A Ramble Into Change Making

It's been quite a while since I've posted anything, so I thought I'd visit and see where an aimless ramble might lead; or as one client calls it, "babbling". In reality, this "babbling" always leads to something meaningful, and unforeseen. Maybe that will be the case now.

The theme of how change might be effectively facilitated is an interesting one, and there seem to be at least two very divergent views on this. One being what I'll call the more common view, that change is best facilitated by some kind of active "assault", or effort in the direction of the desired outcome. If you want to feel less anxious, for example, you set about to reason with yourself, and even argue yourself out of the irrational ideas that you harbor that actually create and cause your anxiety. When once you've seen the light of this reason, and have managed to actively and even aggressively replace your misguided thoughts with more realistic ones - one's that accurately reflect a set of circumstances and conditions which would not lend themselves to distressing levels of anxiety - you will, naturally and automatically, so to say, feel less anxious. This strategy does indeed work, for some people, in some situations. I like it, and I use it, when appropriate.

Then there is the much less known or understood method which says that it is possible to take a more "passive", or, more accurately, a more contemplative or reflective approach to the situation, in which one learns, through practice, and through the development of the capacity for a heightened tolerance of distress, to be more accepting of oneself in all of one's moods and qualities, allowing the inevitable process of organic change to take place without too much interference.
There are some keys to the successful implementation of this approach, and they include the aforementioned capacity to tolerate distress, to "sit with" -as in sitting meditation, for example - one's experience, while learning how to let go of judgments about it and about oneself, and to relate with oneself and with one's experience more tolerantly, more forgivingly, more compassionately.

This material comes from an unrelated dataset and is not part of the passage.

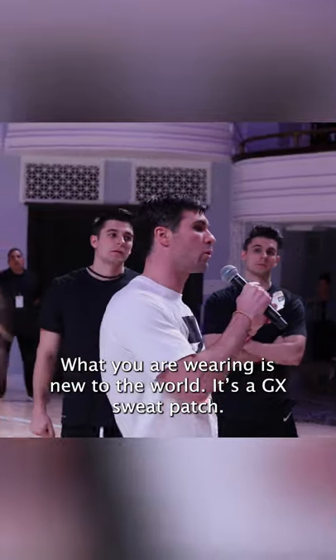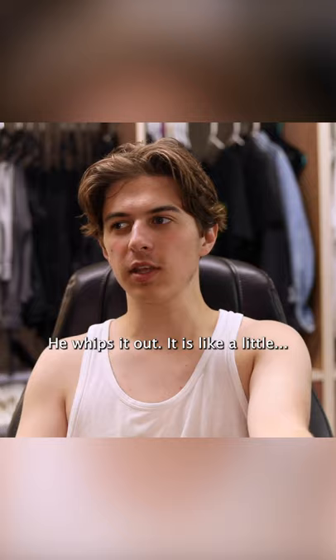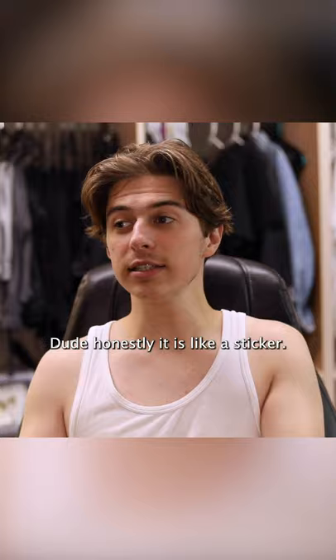What you're wearing is new to the world. It's a GX sweat patch. He whips it out — it's like a sticker.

This method or approach makes certain working assumptions, of course, among them being the one that says that desirable change will occur in a context, in an internal environment, of kindness and gentleness with oneself, perhaps more easily, but certainly more gracefully than under aggressive terms. You could say then that this approach gives a higher value to this context/environment than the former one does. I like this too, in that the metaphor is closer to something like organic gardening than to field maneuvers. Let's pay attention to the soil in which we are planning to grow something wholesome and delicious. Let's cultivate it, prepare it with the proper healthy supplements, tend it and it's produce. Like raising healthy children. This will significantly increase the likelihood of a desirable outcome.
This method, it seems to me, is much more in accord with the urgently needed concepts of sustainability and conservation.